D61+ Live was the public recovery from a near death experience for Data61, which is the reincarnation of NICTA, the Howard Government tech research initiative that had been defunded by the Abbott Government, then swallowed into CSIRO last year, and then partly refunded as Data61 by the Turnbull administration.
While the demo booths were buzzing, Data61 faces more tough times in April as a wave of retrenchments flow through the organisation due to rationalisation and repurposing resulting from being absorbed into CSIRO.
Data61 chief executive Adrian Turner said there had been an intense period of consultation with project teams as the agency worked through who would go and who would stay. He said somewhere south of 100 positions would go during April, although not all would be retrenchments, with some project teams being placed elsewhere.
Mr Turner said redundancy was the last option and that he had been burning shoe leather looking for opportunities to place teams and people that no fitted inside the Data61 strategic plan.
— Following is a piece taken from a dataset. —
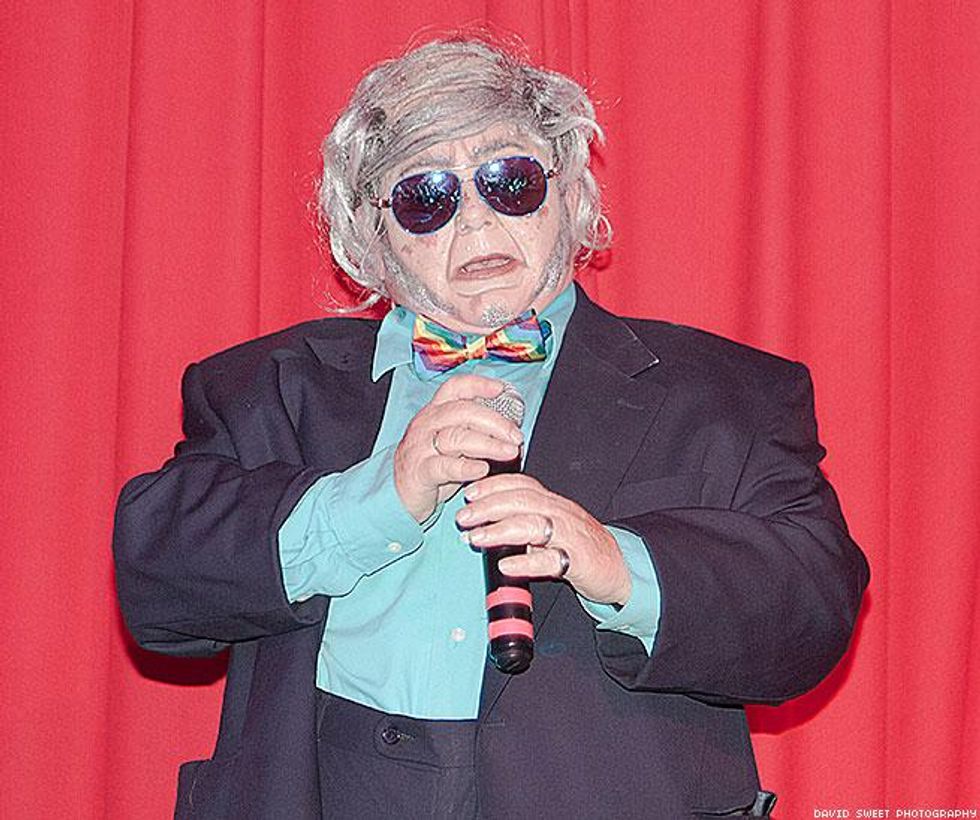 Kit Tapata a.k.a. Perry Combover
“I’ve been out in the market and on planes and priming third parties that could consume any of the capability that we have. Ultimately there will be people impacted, but it will be a lot less than was talked about at the time of the merger (with CSIRO). It’s a lot less too than had NICTA been shut down which would have been a tragedy for the country.”
While there is some gloom to come in April, it’s not all doom at Data61.
Liz Jakubowski, an old NICTA hand who used to run government relations is now the director of Data61’s new student-to-business placement portal Ribit, which was on show at D61+Live.
‘This is a unique service in the marketplace. There’s nothing that connects students directly with businesses and start-ups in the way we are doing it.’
‘We are focussing on the core skills that businesses need to transform – these are programming communications, design and business analytics. What we are doing is making this sort of engagement really easy.’
The free service launched as a beta site in February, mainly targeting the Sydney market before it scales out to the rest of the country. So far it has over 1200 students on tap and Ms Jakubowski expects to launch a full service in early June.
D61+ Live closed off with two old tech venture hands mulling the future of Australian innovation over a bottle of wine.
CSIRO boss and serial entrepreneur Larry Marshall sat down with Innovation and Science Australia chairman Bill Ferris for a wide ranging discussion on how to get Australian research, funding and business collaboration up to scratch (where Mr Ferris appeared to garner the lion’s share of the bottle of red that sat between them.)
While praising the standard of pure research in Australia, Mr Ferris said the country had to do something about its bottom of the pile ranking in university-to-business collaboration.
Mr Ferris said university researchers had to change their culture to be more aware of business needs, rather than just looking inward to their own peers for recognition, while business also had seek out collaboration with universities.
He said he saw encouraging signs from many vice-chancellors where the ‘penny had dropped’ on the benefits of closer collaboration with business and they were increasingly interested in spin-offs and joint ventures.
Business needed to lift its game in snuggling up to universities.
‘We’ve got to get business reaching in, aggressively, and finding out where the bloody universities are for a start,’ he said. It’s really that bad.’
Mr Ferris suggested using the R&D tax incentive scheme as a lever to push better collaboration.
A big lever to foster collaboration could the R&D tax incentives scheme.
‘It’s a $3 billion cheque book entirely there for funding private research and development. There must be a way of using it to encourage, require and demand collaboration,’ he said.
Mr Ferris wanted to know when CSIRO’s own innovation fund would close its first deal.
As part of the National Innovation and Science Agenda CSIRO has established a fund with $70 million over 10 years from government plus money from CSIRO’s WLAN licencing stream.
Mr Marshall said he was confident the first deal would close by July.